Makeshift beds under the highway in the north end of Hartford. (photo by Jose Vega)
Makeshift beds under the highway in the north end of Hartford. Jose Vega

Annually, the State of Connecticut’s Department of Housing provides discretionary money to homeless service providers across the 169 towns to coordinate an emergency response that includes day and night time shelter during cold weather, which is defined typically as December 1st to March 31.

The concept of pop-up beds in the winter months is that it brings people inside who are normally shelter resistant due to the temperature drops, while addressing inflow.  We do not have enough shelter beds across the state to shelter everyone who is unhoused, so this is a way to try and temporarily meet that need during a high-risk time.

Caitlin Rose

This year, the Friendship Service Center, Inc. (FSC) operated 40 cold-weather beds in New Britain in a church basement, increasing from 22 beds.  We did not always have places for everyone in need to sleep from night to night throughout the season. And now, without those beds, we have a new crisis. 

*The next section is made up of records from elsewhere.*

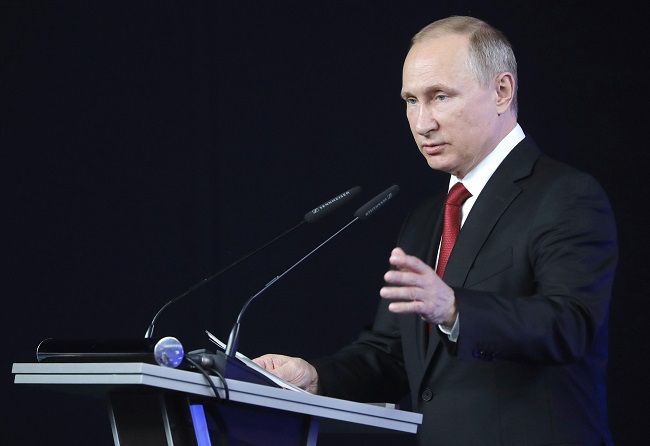 Vladimir Putin.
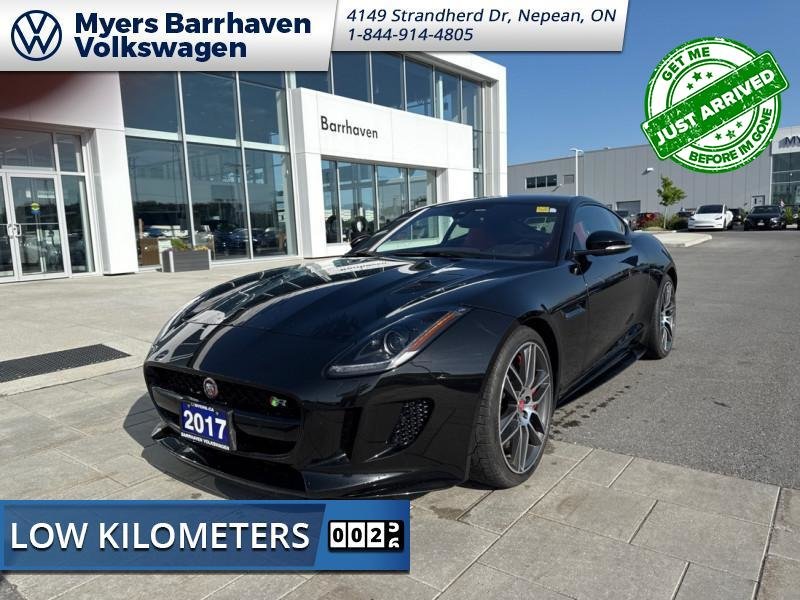 Jaguar F-TYPE Coupe R AWD  - Navigation -  Leather Seats 2017-0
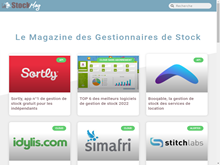 Stockmag, le magazine des gestionnaires de stock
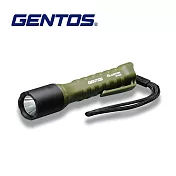 【Gentos】Bluster 防水耐震手電筒- 400流明 IP68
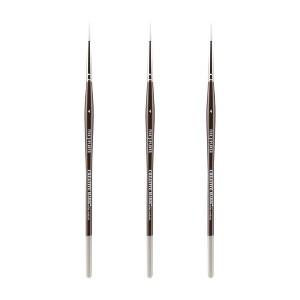 Creative Mark Fine Tip Liner Paint Brush Ultra Fine Detail Soft Hair Paint Brush For Watercolor, Gouache, Inks, Acrylic, Oils, Technical Artists, and - 1 of 4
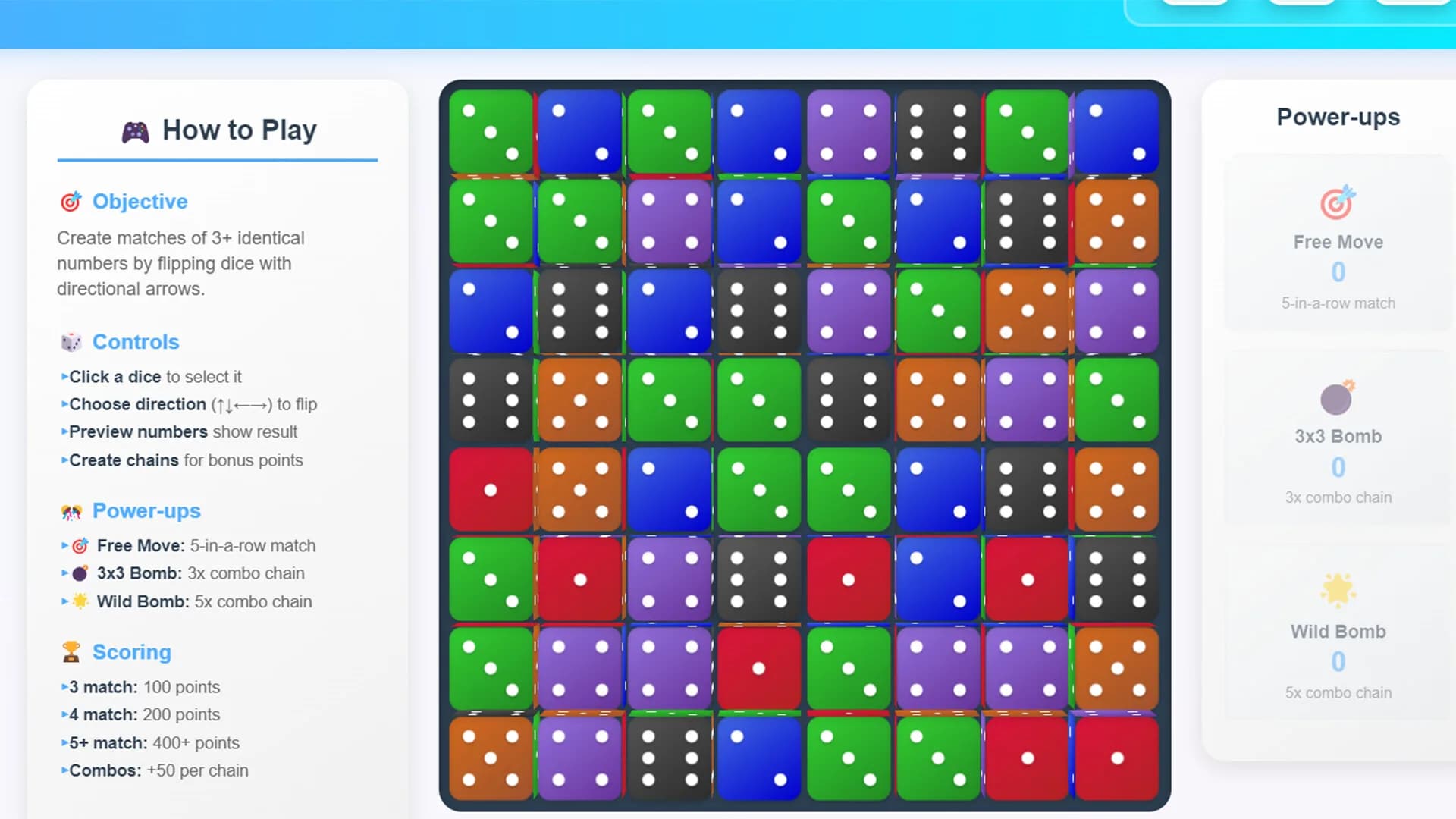 Flip Dice görsel 6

There are currently approximately 4,600 people experiencing  homelessness in Connecticut, a number that includes children, and is an increase from previous years for a variety of reasons. Emergency shelter is the quickest way to stabilize people and keep them safe while they work toward obtaining stable housing.

While I applaud the state’s investment in emergency response to mitigate unsheltered community members dying on the streets from hypothermia, the distinction in temperature, and need, between March 31 and April 1 is arbitrary.  Where are the 40 people being sheltered in a church supposed to go to sleep tonight? What can my staff tell them to lessen the blow of having to return to sleeping outside now, in weather no warmer than it was yesterday?

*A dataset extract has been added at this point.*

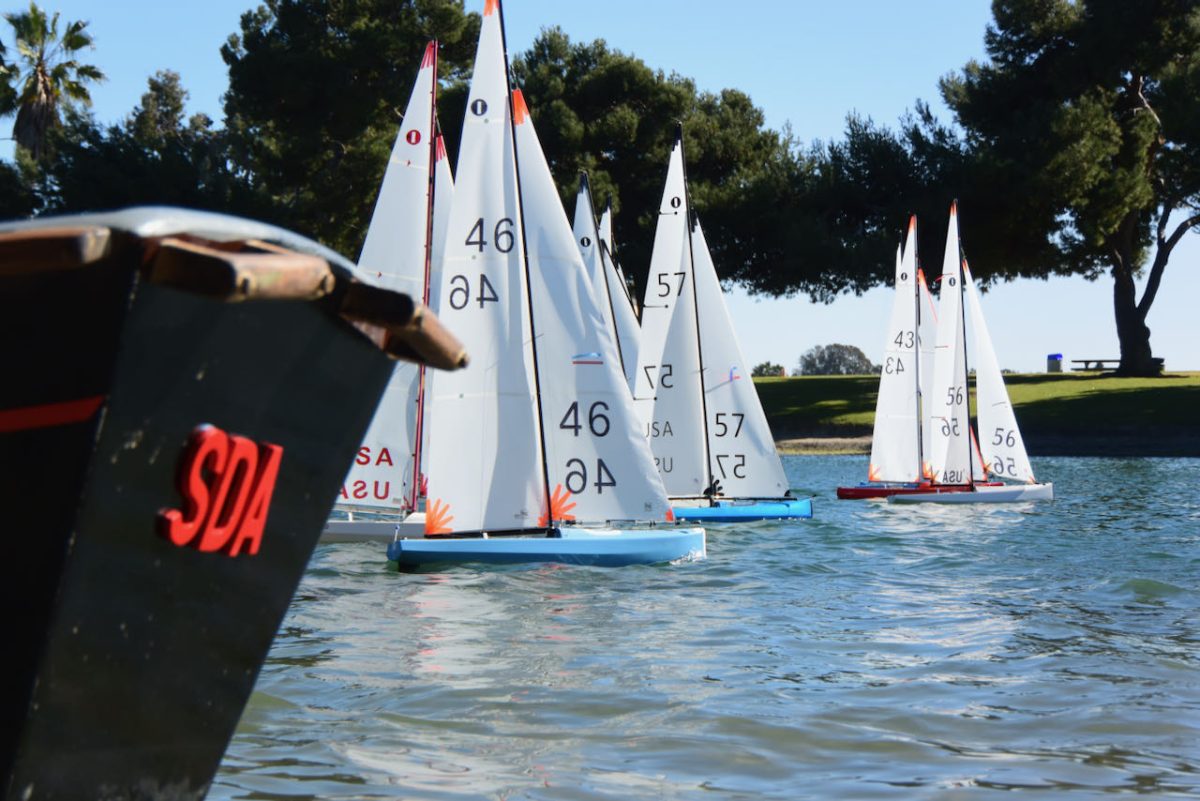 2022 IOM Midwinters Regatta-San Diego, Day 1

The way to end homelessness is to keep people housed, and house people experiencing homelessness quickly. The FSC, and many of our colleagues, are here for everything in between. But it requires funding and investments from the state, and it cannot be done in isolation. 

HB6554, An Act to Rescue the Homelessness Response System, includes a $50 million funding ask, including increased funding for staffing (so that our employees may be compensated as the career professionals that they are); annualized cold weather funding; regional coordination support; and flexible rental assistance dollars to support the rapid rehousing of people in shelter or on the streets to create resource churn. There is currently no inclusion of funding increases to any part of our state’s homelessness response system in the Governor’s proposed budget. 

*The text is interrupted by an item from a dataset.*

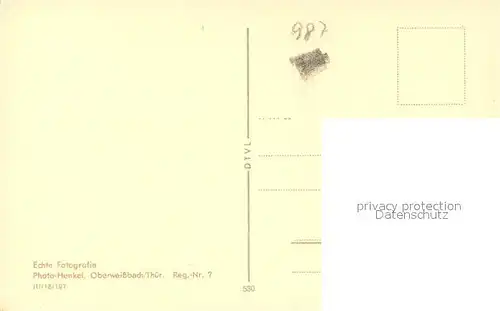 AK / Ansichtskarte Oberweissbach Froebelturm mit Berggaststaette Rudolf Henkel Oberweissbach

I spoke with several of my Hope Connection Center staff, who operate our drop-in center program that has been the location for daytime cold weather services 8 a.m.-8 p.m. daily. Most admitted crying at some point in the day, alone in their offices and at times with the clients themselves, over the pain and helplessness of watching people struggle to find alternative options for safety when it was already known that they had none. People don’t sleep in a church basement if they have other options. Both staff and clients alike knew this program was ending, yet neither could fathom how the reality would hit them when the time came. 

I myself cried this morning, as I always do when it rains, after experiencing the joy of waking up in my warm, cozy bed to the sound of rain on my bathroom skylight. I am hit with the realization that there are hundreds of people cold and wet after a long night outside. The fact that there is nothing we can do for our clients in this moment frustrates that sadness further.

The state holds the power to fund emergency shelter and protect unsheltered constituents, and I urge the Appropriations committee and Gov. Ned Lamont to take this responsibility seriously. The FSC, and our numerous statewide partners, are here to respond to the growing homelessness crisis in the state, and will manage it effectively and compassionately as we have been funded to do for all of these years. But we must be funded to do it. 

The FSC has applied for capital improvement funds to renovate and expand our emergency shelter program at 241 Arch St. We are hoping that this revitalization will bring our potential shelter capacity from 39 beds to about 85 beds. It will likely still not be enough. Until we address housing and homelessness as a very real crisis, nothing will be.

Caitlin Rose is the Executive Director of the Friendship Service Center, Inc. in New Britain.